El Ministerio de Exteriores ruso indicó en un comunicado que esta decisión busca proteger, además, los “intereses nacionales” venezolanos y ha instado a una “reducción de la tensión” en torno a Venezuela.
“Pedimos resolver la cuestión mediante un diálogo constructivo y el respeto al Estado de derecho”, recoge el texto.

“Celebramos los esfuerzos de las autoridades oficiales del país y reafirmamos la inquebrantable solidaridad de Rusia con el pueblo y el Gobierno venezolanos”, indica la comunicación, antes de abogar por el respeto a la Carta de Naciones Unidas.
“América Latina y el Caribe deben seguir siendo una zona de paz y debe garantizarse el desarrollo soberano de los países de la región”, dice el comunicado.
La noticia llega de manera sorpresiva, después de que el Kremlin ha sido enfático en su postura frente a la legitimidad del mandato del dictador venezolano y haya abogado por su liberación ante las autoridades norteamericanas.
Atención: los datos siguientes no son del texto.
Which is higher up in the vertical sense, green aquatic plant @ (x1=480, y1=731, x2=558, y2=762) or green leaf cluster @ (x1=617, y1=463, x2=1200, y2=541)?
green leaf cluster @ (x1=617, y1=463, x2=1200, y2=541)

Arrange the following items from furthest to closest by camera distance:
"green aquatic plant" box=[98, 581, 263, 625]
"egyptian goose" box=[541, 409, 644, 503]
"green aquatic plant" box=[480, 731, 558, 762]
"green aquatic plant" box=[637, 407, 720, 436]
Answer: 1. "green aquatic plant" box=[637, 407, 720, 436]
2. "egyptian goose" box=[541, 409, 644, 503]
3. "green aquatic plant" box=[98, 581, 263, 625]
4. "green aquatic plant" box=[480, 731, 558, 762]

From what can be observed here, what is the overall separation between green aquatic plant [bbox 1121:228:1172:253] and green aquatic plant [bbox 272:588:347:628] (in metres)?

El lunes, Rodríguez juró el cargo como presidenta encargada de Venezuela ante el presidente de la Asamblea Nacional, Jorge Rodríguez, y ha asumido así las funciones de la jefatura de Estado tras la captura de Maduro.
El pasado sábado, 3 de enero, Rusia condenó la acción militar de Estados Unidos en Venezuela y exigió que Washington libere a Nicolás Maduro y a su esposa.

Venezuela es el aliado más importante que tiene Rusia en Sudamérica, aunque el Kremlin no ha llegado a ofrecer asistencia a Caracas en caso de conflicto con Estados Unidos.
“Pedimos firmemente a las autoridades estadounidenses que reconsideren su postura y liberen al presidente legalmente electo del país soberano y a su esposa”, señaló el Ministerio ruso de Relaciones Exteriores en un comunicado.
Previamente, Rusia había denunciado “un acto de agresión armada contra Venezuela (…) profundamente preocupante y condenable”.
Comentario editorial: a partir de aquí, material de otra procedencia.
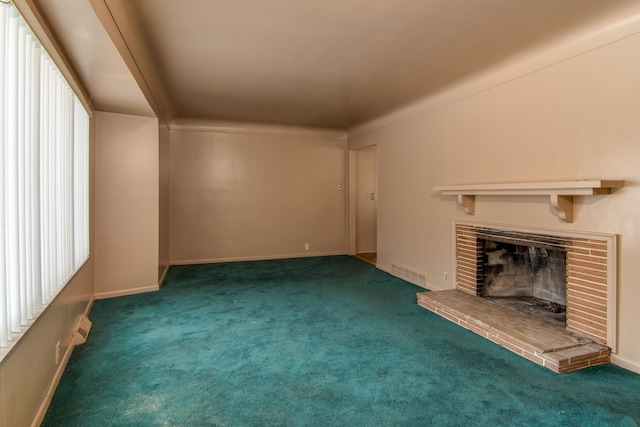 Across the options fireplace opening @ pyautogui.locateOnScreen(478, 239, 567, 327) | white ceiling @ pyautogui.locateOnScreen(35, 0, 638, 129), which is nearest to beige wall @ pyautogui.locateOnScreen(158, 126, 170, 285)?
white ceiling @ pyautogui.locateOnScreen(35, 0, 638, 129)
“Los pretextos utilizados para justificar tales acciones son insostenibles. La hostilidad ideológica triunfó sobre el pragmatismo de negocios”, sostuvo la cancillería.
Por su parte, Brasil, Chile, Colombia, México, Uruguay y España rechazaron “cualquier intento de control” sobre Venezuela, después de que Estados Unidos asegurara que asumió el control del país.
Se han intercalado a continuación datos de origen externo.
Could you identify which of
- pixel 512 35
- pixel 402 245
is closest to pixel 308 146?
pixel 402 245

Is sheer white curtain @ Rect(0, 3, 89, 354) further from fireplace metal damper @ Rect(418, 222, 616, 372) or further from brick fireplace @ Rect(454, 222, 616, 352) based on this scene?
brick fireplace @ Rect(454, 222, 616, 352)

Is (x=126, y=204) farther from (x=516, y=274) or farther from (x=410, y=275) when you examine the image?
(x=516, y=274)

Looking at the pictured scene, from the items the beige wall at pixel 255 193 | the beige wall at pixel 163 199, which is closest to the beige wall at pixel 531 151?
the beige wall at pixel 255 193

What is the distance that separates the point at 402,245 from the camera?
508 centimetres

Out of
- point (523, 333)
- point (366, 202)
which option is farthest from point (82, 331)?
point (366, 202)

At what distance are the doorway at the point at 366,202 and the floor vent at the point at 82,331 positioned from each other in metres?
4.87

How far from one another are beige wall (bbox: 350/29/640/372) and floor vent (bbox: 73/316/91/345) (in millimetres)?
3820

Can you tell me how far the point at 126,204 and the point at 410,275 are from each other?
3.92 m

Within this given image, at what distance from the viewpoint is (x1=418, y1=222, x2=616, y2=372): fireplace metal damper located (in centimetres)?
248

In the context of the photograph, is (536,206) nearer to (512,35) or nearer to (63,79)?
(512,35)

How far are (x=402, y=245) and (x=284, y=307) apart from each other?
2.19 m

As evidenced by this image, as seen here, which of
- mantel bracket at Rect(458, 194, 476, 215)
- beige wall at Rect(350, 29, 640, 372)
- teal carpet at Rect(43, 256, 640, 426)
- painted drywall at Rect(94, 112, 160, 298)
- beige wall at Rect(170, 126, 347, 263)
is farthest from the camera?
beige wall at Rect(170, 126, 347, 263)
Los seis países manifestaron su preocupación por la estabilidad regional después de los ataques de Washington que resultaron con la captura de Maduro.
Donald Trump dijo que uno de sus principales objetivos es mantener el dominio sobre el petróleo de Venezuela, que cuenta con las mayores reservas de crudo del mundo.
*Con información de Europa Press.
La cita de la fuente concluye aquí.